Finding Outliers and Patterns
Usually, when strange stuff shows in Google Analytics, I like to go through the various reports and see what stands out. Sometimes my alerts will spot these or even Google’s Insights. In traversing through the reports, I noticed that Oregon had a traffic spike. This clearly showed on the Audience > Geo > Location report.
When I clicked on Oregon, I could see Boardman consumed most of the state traffic. And it also had a bounce rate of 100%.
Use Dimensions to Find More Clues
At this point, I’m not throwing out the whole city as there could be good traffic from there. I thought there was something else I hadn’t seen. What was special about this Boardman traffic?
I decided to go through other dimensions to see if anything else surfaced. One item that stood out was the Network Domain – amazonaws.com. Guess where one of Amazon’s data centers is located? While Amazon has a number of data center locations, one is Boardman.
Apart from Amazon having a data center there, I still didn’t see the connection. The other oddity was they all had the same non-standard screen resolution of 800×600.
Don’t Jump to Conclusions
In this early stage, it’s easy to conclude there is some rogue bot or process that is messing with you. Continuing to try different dimensions, I used Source / Medium and saw that I knew the enemy so to speak.
The Source / Medium column revealed that our Boardman traffic was somehow related to our email service provider and CRM. I wish I could say more, but the service provider is still researching this issue.

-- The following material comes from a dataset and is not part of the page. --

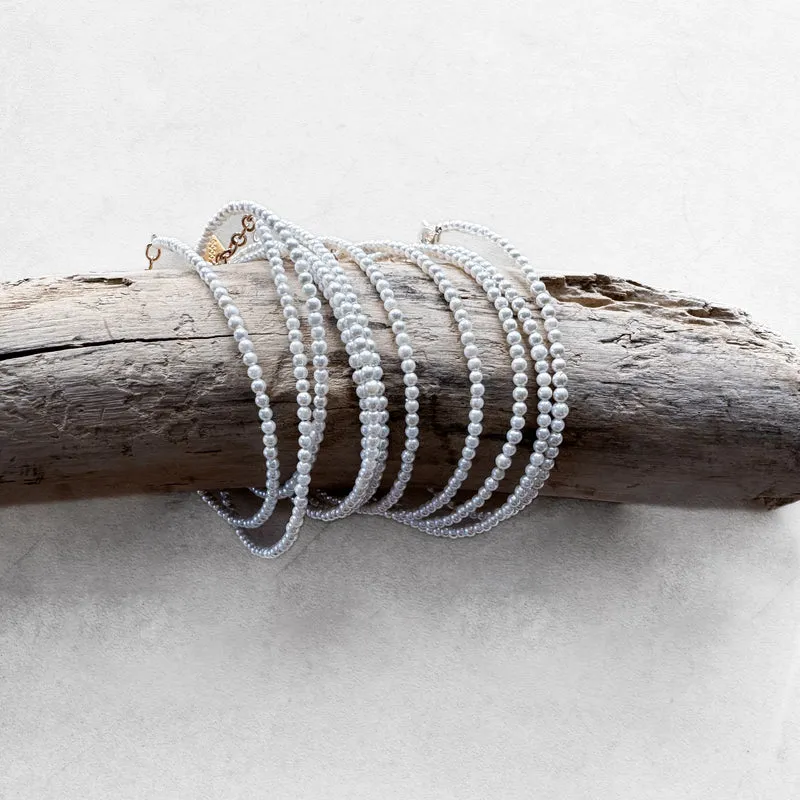 BRACELET "PEARL XXS"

Once I honed in on the email service provider, I was able to go back and see that this problem had been around for a while. The Boardman traffic jumps corresponded to days where we sent emails.
Include and Exclude Segments
At this point, we could’ve built a Google Analytics filter to exclude this traffic going forward. If you’re not familiar with Google filters, you can check out this nice article from Loves Data. However, we needed to clean up the past data and filters aren’t retroactive. If we didn’t do this, our comparison data would be off.

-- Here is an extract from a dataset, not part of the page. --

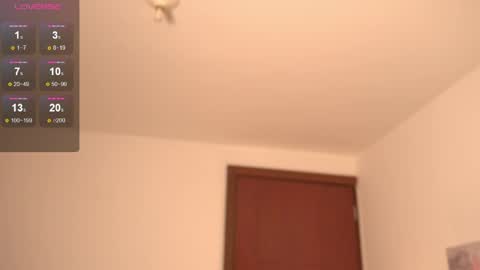 Suki online show from May 21, 12:06 am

I decided one approach would be to create 2 segments. The first would include the Boardman traffic based on the conditions I observed. This segment quantified how much fluff traffic was coming from Boardman.
However, I wanted to build a complement segment that excluded this same traffic. This segment would primarily be used in reporting. If done correctly, the two segments would add to 100%.
Until we can get a resolution and/or directions from our vendor, we just use the Non-Boardman segment instead of All Users.
There were several lessons learned from this issue. The first is that there is something to that old adage, “location, location, location”. And aggregate numbers can hide data. Just remember, that while you may not know the cause of this traffic, you can always build a segment to exclude it.